Os proprietários de imóveis nesses locais, construídos antes da aprovação de legislações ambientais, pagam uma taxa anual à União para ocupar a área, além de outros impostos. Caso o projeto seja aprovado, pessoas e empresas privadas poderiam adquirir o terreno mediante pagamento. Para os estados e municípios, a transferência seria gratuita. A PEC também beneficia resorts e condomínios que possuem “praias particulares”.
O texto foi apresentado originalmente na Câmara, em 2011, pelos ex-deputados Arnaldo Jordy, José Chaves e Zoinho, e aprovado em 2022, mas estava parado no Senado desde agosto de 2023. A CCJ da Casa realiza uma audiência pública nesta segunda-feira, 27, para debater a proposta. Está prevista a participação dos prefeitos de Florianópolis, Topázio Neto, de Belém, Edmilson Rodrigues, e de Manaus, David Almeida, além de representantes do Ministério do Meio Ambiente e Mudança do Clima e entidades ligadas à proteção ambiental.

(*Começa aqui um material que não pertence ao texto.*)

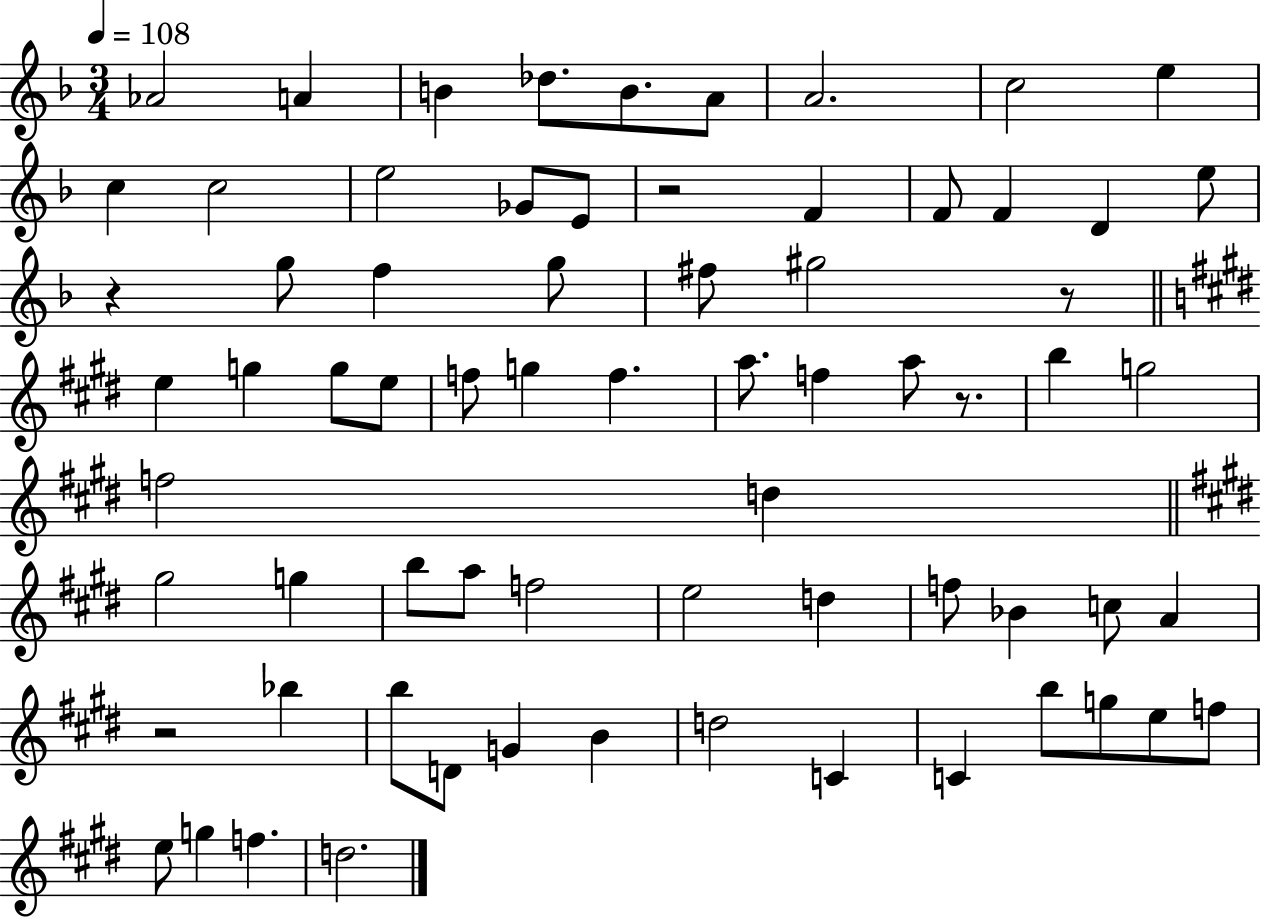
Ab4/h A4/q B4/q Db5/e. B4/e. A4/e A4/h. C5/h E5/q C5/q C5/h E5/h Gb4/e E4/e R/h F4/q F4/e F4/q D4/q E5/e R/q G5/e F5/q G5/e F#5/e G#5/h R/e E5/q G5/q G5/e E5/e F5/e G5/q F5/q. A5/e. F5/q A5/e R/e. B5/q G5/h F5/h D5/q G#5/h G5/q B5/e A5/e F5/h E5/h D5/q F5/e Bb4/q C5/e A4/q R/h Bb5/q B5/e D4/e G4/q B4/q D5/h C4/q C4/q B5/e G5/e E5/e F5/e E5/e G5/q F5/q. D5/h.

O relator na comissão, Flávio Bolsonaro (PL-RJ), deu parecer favorável à PEC. Ele alega que a mudança é necessária para regularizar as propriedades. “Os terrenos de marinha causam prejuízos aos cidadãos e aos municípios. Os cidadãos têm que pagar tributação exagerada sobre os imóveis em que vivem: pagam foro, taxa de ocupação e IPTU. Já os municípios sofrem restrições ao desenvolvimento de políticas públicas quanto ao planejamento territorial urbano em razão das restrições de uso dos bens sob domínio da União”, diz.
Críticas
A PEC é duramente criticada por entidades ligadas à proteção ambiental. O Grupo de Trabalho para Uso e conservação marinha (GT-Mar), ligado à Frente Parlamentar Ambientalista do Congresso, também se posicionou contra a proposta, sob o argumento de que a privatização das áreas pode causar prejuízos ao meio ambiente, impactar a pesca, acelerar o processo erosivo da costa brasileira e intensificar as mudanças climáticas.

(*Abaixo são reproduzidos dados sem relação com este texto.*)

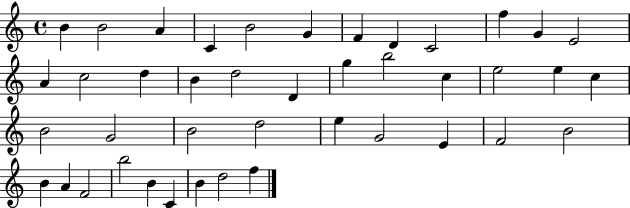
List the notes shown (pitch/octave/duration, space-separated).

“Um exemplo prático do ocorrido está em Balneário Camboriú (SC), onde a supressão das dunas e praias por calçadões e avenida beira-mar durante as últimas décadas acarretou severos impactos no ambiente de praia, tais como a diminuição da área de lazer da praia Central e o sombreamento da praia”, diz o GT.

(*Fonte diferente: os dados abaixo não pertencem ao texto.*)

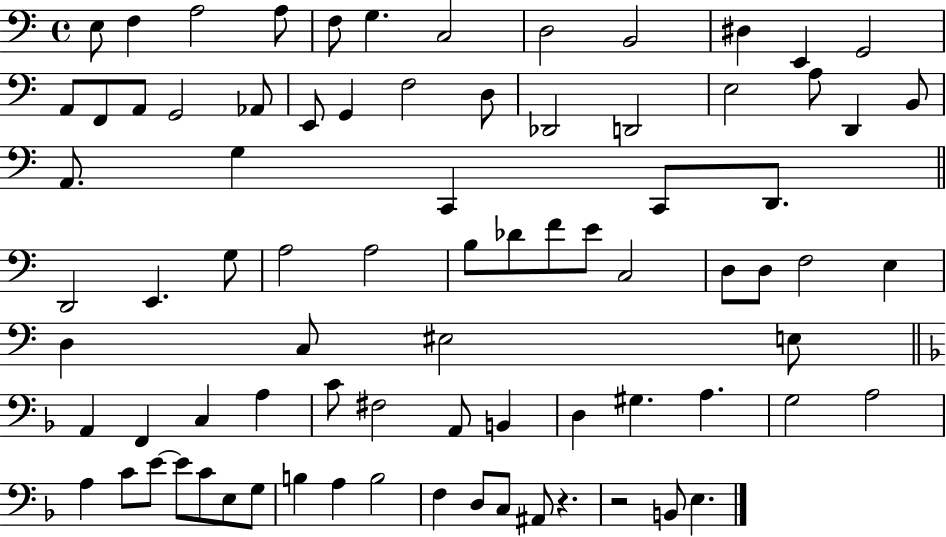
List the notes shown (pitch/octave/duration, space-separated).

E3/e F3/q A3/h A3/e F3/e G3/q. C3/h D3/h B2/h D#3/q E2/q G2/h A2/e F2/e A2/e G2/h Ab2/e E2/e G2/q F3/h D3/e Db2/h D2/h E3/h A3/e D2/q B2/e A2/e. G3/q C2/q C2/e D2/e. D2/h E2/q. G3/e A3/h A3/h B3/e Db4/e F4/e E4/e C3/h D3/e D3/e F3/h E3/q D3/q C3/e EIS3/h E3/e A2/q F2/q C3/q A3/q C4/e F#3/h A2/e B2/q D3/q G#3/q. A3/q. G3/h A3/h A3/q C4/e E4/e E4/e C4/e E3/e G3/e B3/q A3/q B3/h F3/q D3/e C3/e A#2/e R/q. R/h B2/e E3/q.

A Articulação Nacional das Pescadoras (ANP), o Conselho Pastoral dos Pescadores (CPP) e o Movimento dos Pescadores e Pescadoras Artesanais (MPP) também divulgaram uma nota de repúdio ao projeto. “A possibilidade de privatização dos terrenos de marinha e a maior facilidade de agentes econômicos colocarem seus interesses junto a prefeituras e governos estaduais ocasionaria ameaças aos territórios de povos tradicionais, que habitam há décadas áreas hoje compreendidas nos terrenos de marinha, gerando conflitos fundiários, ameaças a culturas e aos modos de vida destas populações e à sua sobrevivência”, afirmam as entidades.